Mon père m’a envoyé un texto : « Évite le réveillon de Noël, la fiancée de ton frère est médecin ! » — Elle a postulé dans mon hôpital.
Assise dans mon bureau au Pacific Regional Medical Center, je fixais le SMS de papa sur mon téléphone. La lueur de mes trois écrans d’ordinateur illuminait les mots qui n’auraient plus dû faire mal, mais qui pourtant, me faisaient encore souffrir.
Ne viens pas le soir du réveillon de Noël. La fiancée de Marcus est chirurgienne pédiatrique. Nous fêtons sa réussite. Ce serait gênant de t’avoir là alors que tout le monde félicite un vrai médecin.
Un vrai médecin.
J’étais médecin-chef d’un centre de traumatologie de niveau 1 de 847 lits. Je supervisais 2 847 professionnels de santé. J’avais restructuré trois systèmes hospitaliers en difficulté en sept ans.
Il y a six mois, Forbes Healthcare m’avait classé parmi les 40 innovateurs de moins de 40 ans dans le secteur de la santé. L’article était encadré dans le bureau de mon assistante, car j’avais honte de l’afficher dans le mien.
Mais pour papa, je n’étais pas un vrai médecin.
J’ai répondu par écrit.
Compris.
Mon assistante Rebecca a frappé à ma porte.
« Docteur Thornton, le conseil souhaite recevoir vos recommandations finales concernant l’expansion du service de chirurgie pédiatrique d’ici le 2 janvier.
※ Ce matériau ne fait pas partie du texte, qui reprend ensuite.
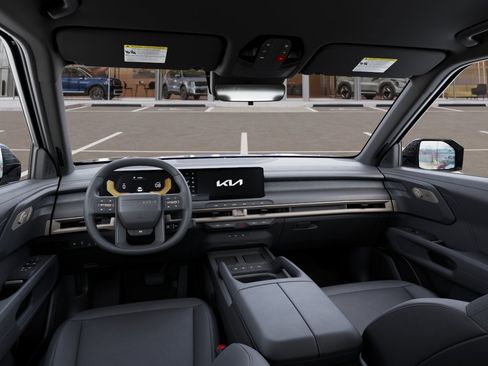 New 2027 Kia Telluride LX FWD image 14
Par ailleurs, la dernière série d’entretiens est prévue pour le 26. »
« Trois candidats pour le poste de chef du service de chirurgie pédiatrique. »
« Envoyez-moi leurs dossiers », dis-je en me retournant vers mes écrans où défilaient les données sur l’évolution des patients. « Je les examinerai ce soir. »
Ce que papa ignorait — ce qu’aucun d’eux ne savait — c’est que je n’étais pas simplement devenue médecin.
J’étais devenu celui qui décidait quels médecins étaient embauchés dans l’un des centres médicaux les plus prestigieux de la côte ouest.
En grandissant, j’ai toujours vécu dans l’ombre de Marcus. C’était l’enfant prodige : charismatique, athlétique, président de tout.
J’étais calme et studieuse, passant mes vendredis soirs à la bibliothèque plutôt qu’aux matchs de football.
Mon père était un représentant pharmaceutique prospère qui accordait une grande importance à la personnalité et au charisme. Marcus possédait les deux. Je n’avais ni l’un ni l’autre.
« Emma va bien », disait sa mère aux proches lors des réunions de famille. « Elle étudie beaucoup. Elle a de bonnes notes. »
Marcus a été recruté par trois universités de première division. Papa l’interrompait en lui tapotant l’épaule.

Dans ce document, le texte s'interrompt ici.